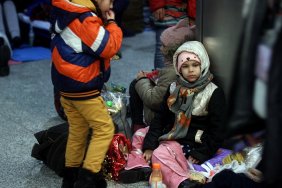 У Донецькій і Херсонській областях оголошено примусову евакуацію дітей
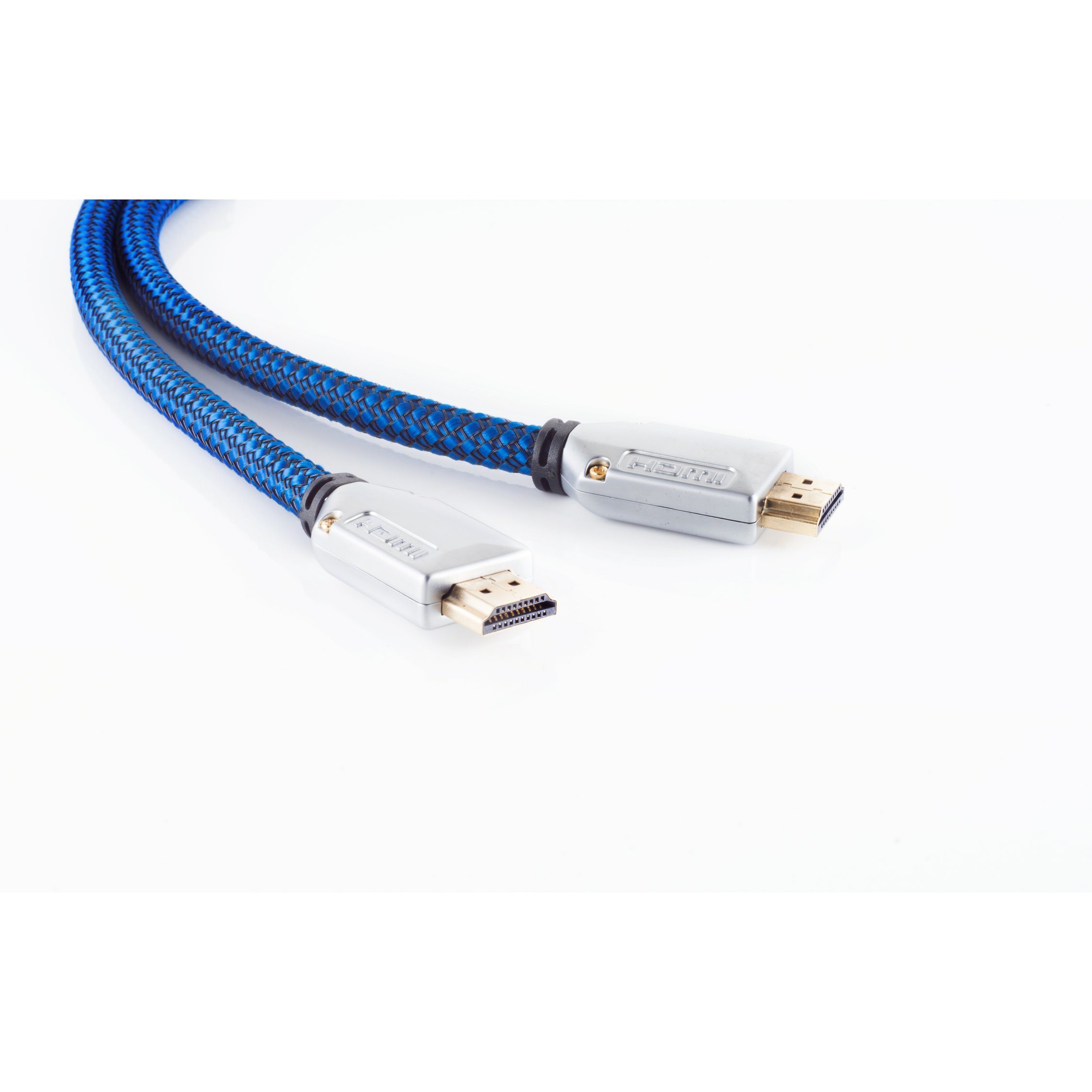 Blaues und schwarzes geflochtenes HDMI-Kabel mit silbernen Anschlüssen auf weißem Hintergrund.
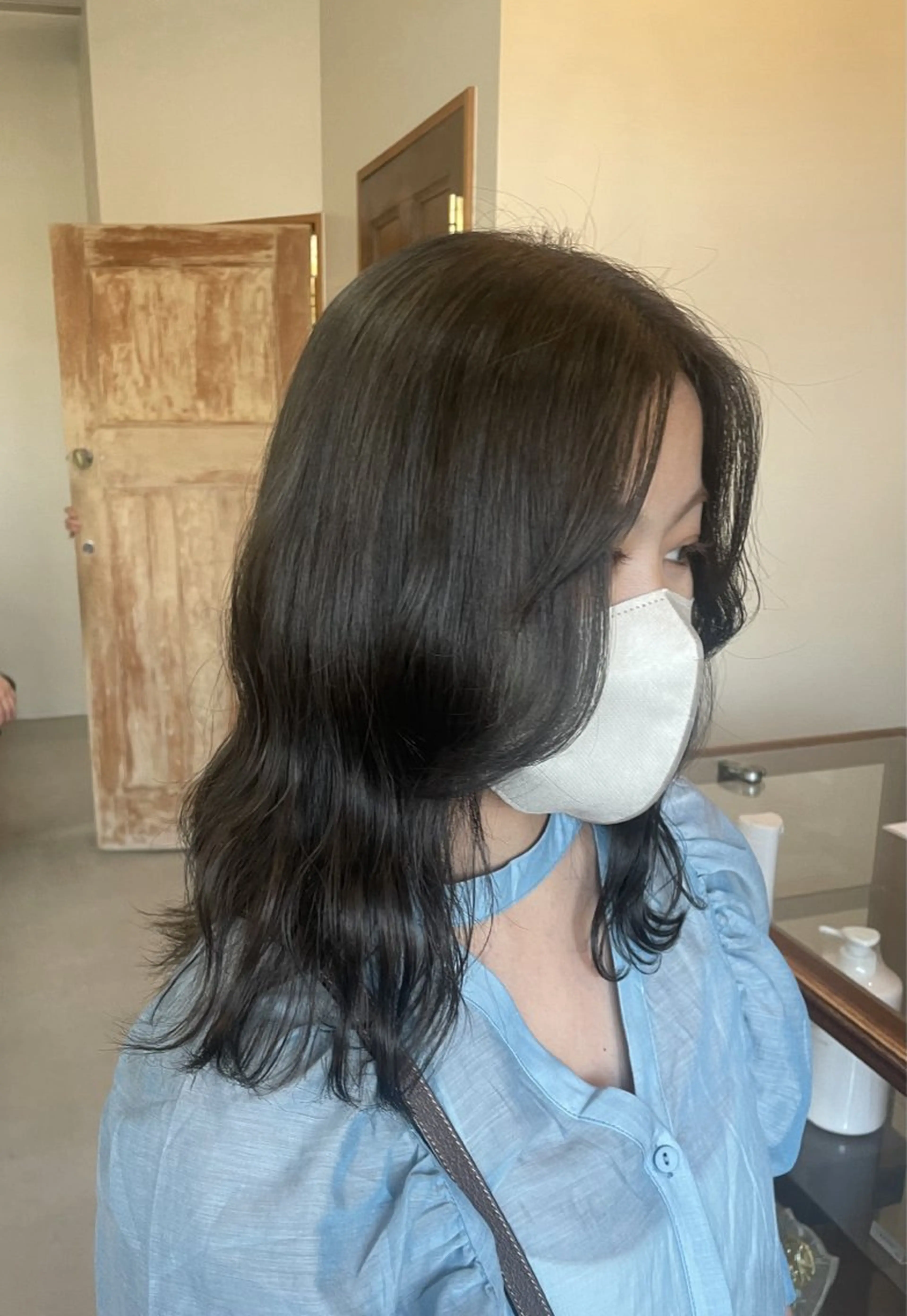 ミディアム 小久保 里紗のヘアスタイル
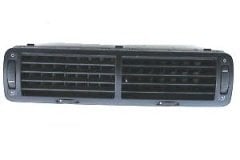 Gögüs Havalandırma Izgarası Orta - Volkswagen - Passat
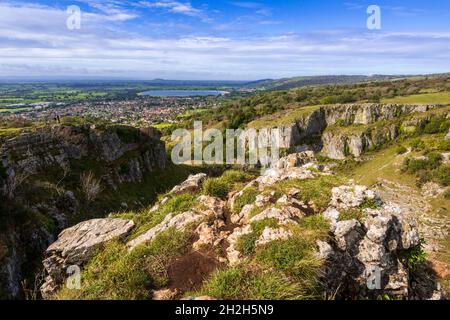 Herrliche Aussicht von der Spitze der Cheddar Gorge in Somerset im Südwesten Englands Stockfoto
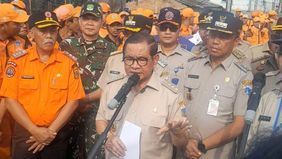 Gubernur DKI Jakarta, Pramono Anung memimpin apel siaga banjir di kawasan Rawajati, Pancoran, Jakarta Selatan.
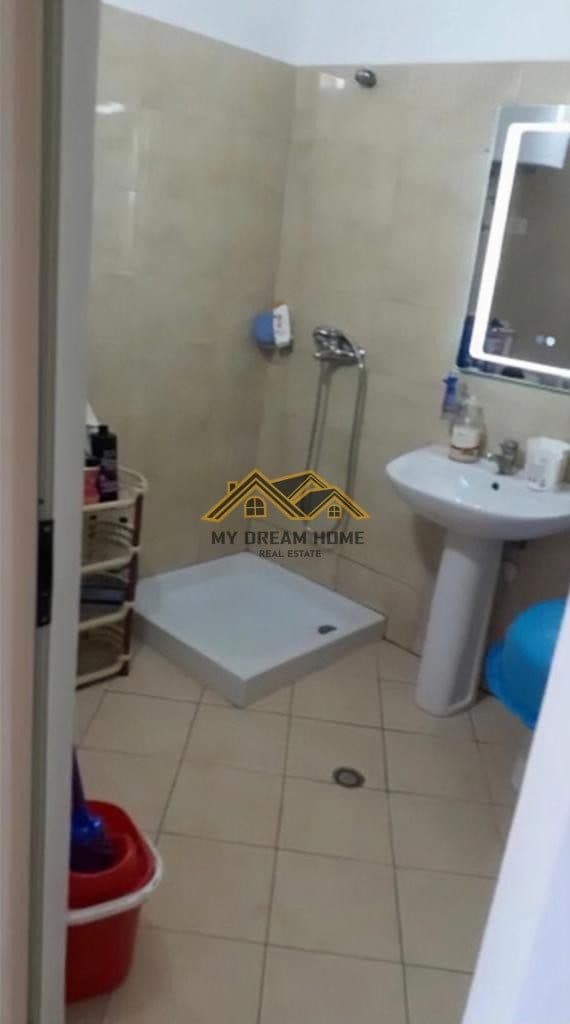 SHITET APARTAMENT 2+1 PLAZH DURRES 3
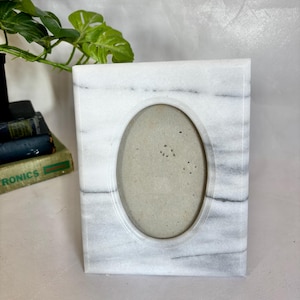 Vintage Classical Marble Stone 5” x 7” Square and Oval Picture Frame / Photo Frame // Marble Accents // Minimalism Decor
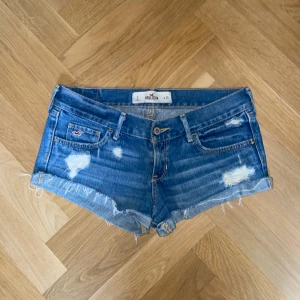 Hollister jenas shorts  - Jeans shorts från Hollister i w 26. Fint skick 💕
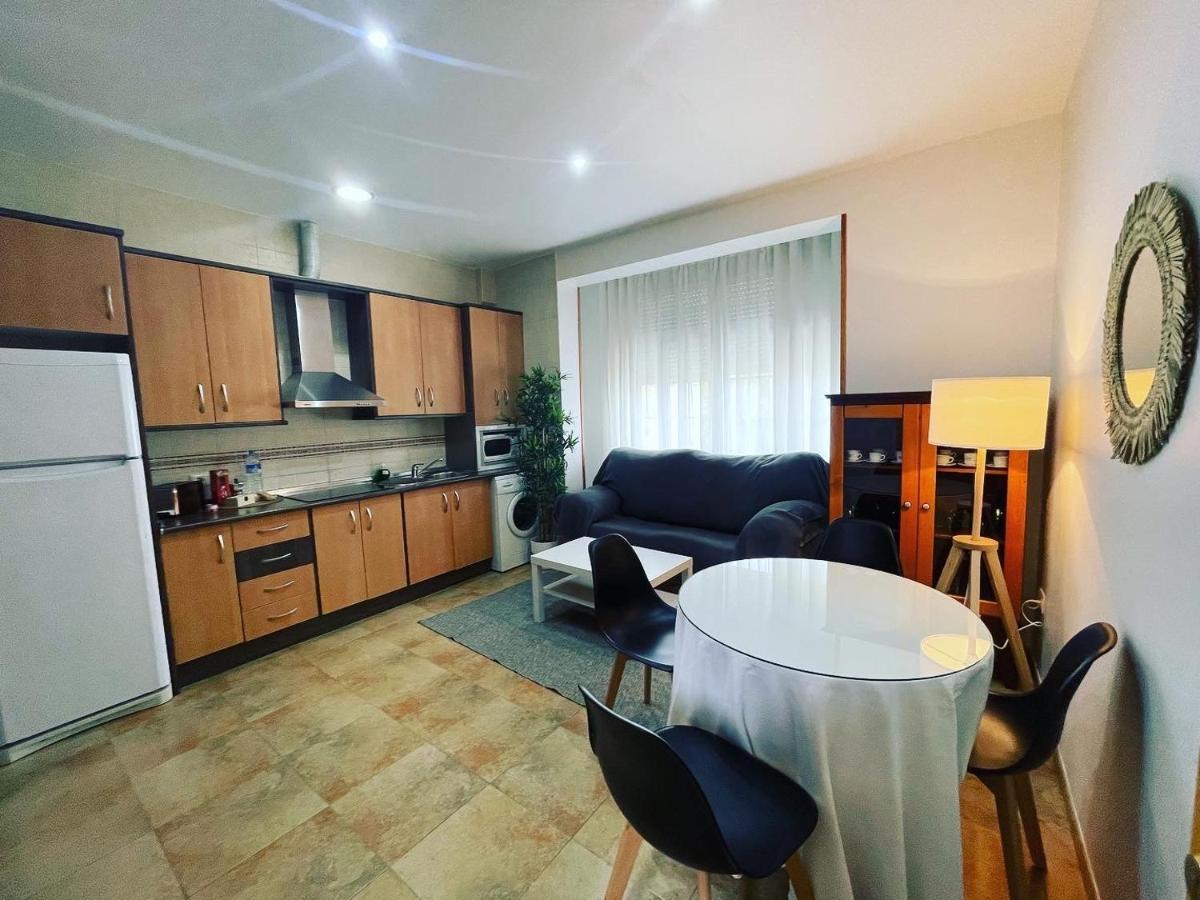 Apartamentos Colon Pondos Linares (Jaen) Eksteriør billede
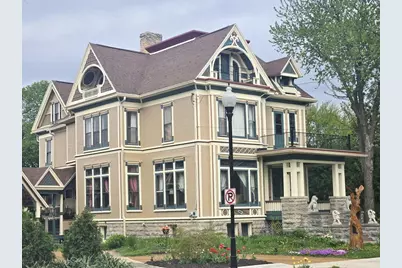 1107 Algoma Boulevard, Oshkosh, WI 54901 - Photo 2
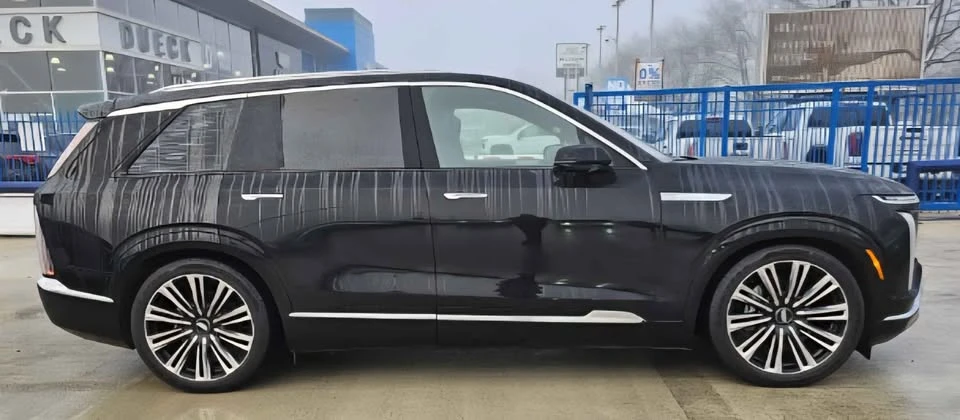 2026 Cadillac Vistiq - Image 8 of 20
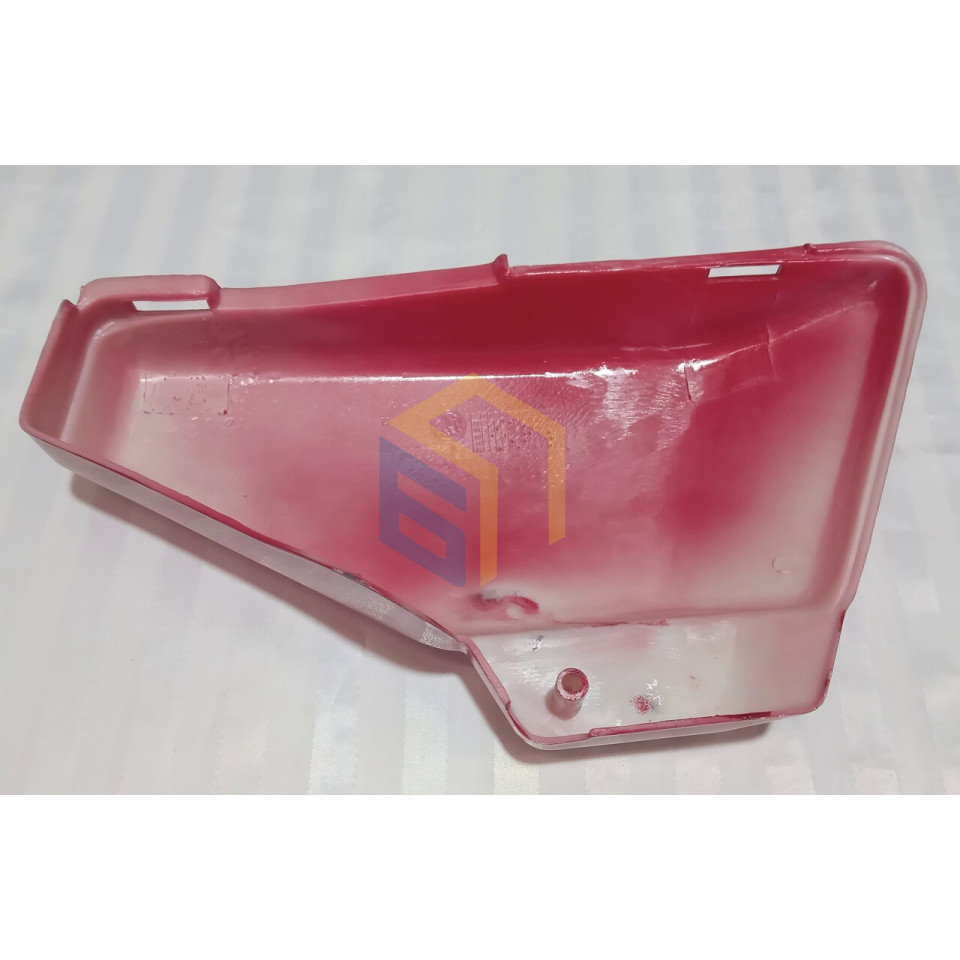 Ліва бічна кришка червона мотоцикла Forte ALFA NEW FT125-RX (131633)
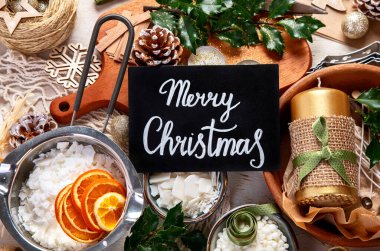 Beyaz arka planda kurutulmuş portakallarla Noel düzenlemesi yapmak. Noel zanaatı el yapımı dekor. Yeni yıl kutlaması. Üst görünüm.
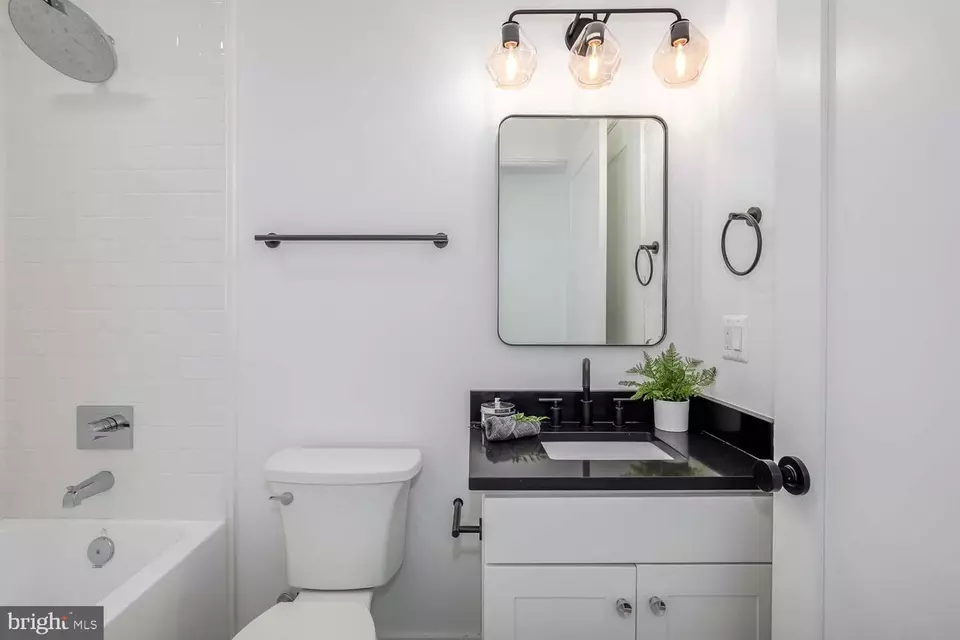 Bath - 428 Manor Pl NW #1, Washington, DC 20010 photo 3 of 4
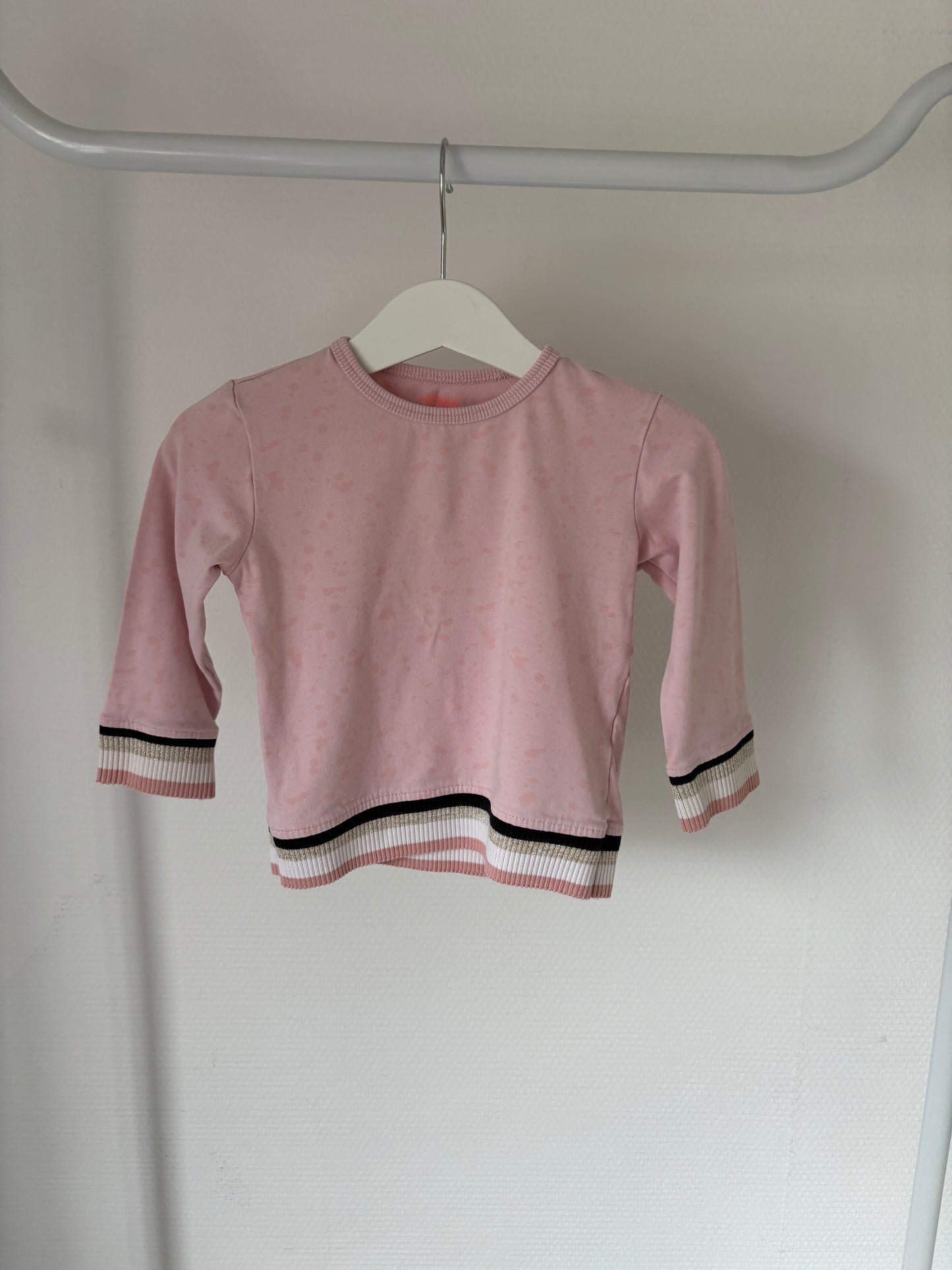 Lichtroze gestippeld truitje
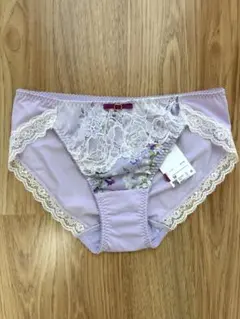 ワコール　ルジェ　ショーツ　パープル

■ **Your goal**:
In your output, include only the lines from the line containing "Ліва бічна кришка" through the last line of the material above, exactly as they appear, and leave out the pictures.

■ **Result**:
 Ліва бічна кришка червона мотоцикла Forte ALFA NEW FT125-RX (131633)
 Beyaz arka planda kurutulmuş portakallarla Noel düzenlemesi yapmak. Noel zanaatı el yapımı dekor. Yeni yıl kutlaması. Üst görünüm.
 Bath - 428 Manor Pl NW #1, Washington, DC 20010 photo 3 of 4
 Lichtroze gestippeld truitje
 ワコール　ルジェ　ショーツ　パープル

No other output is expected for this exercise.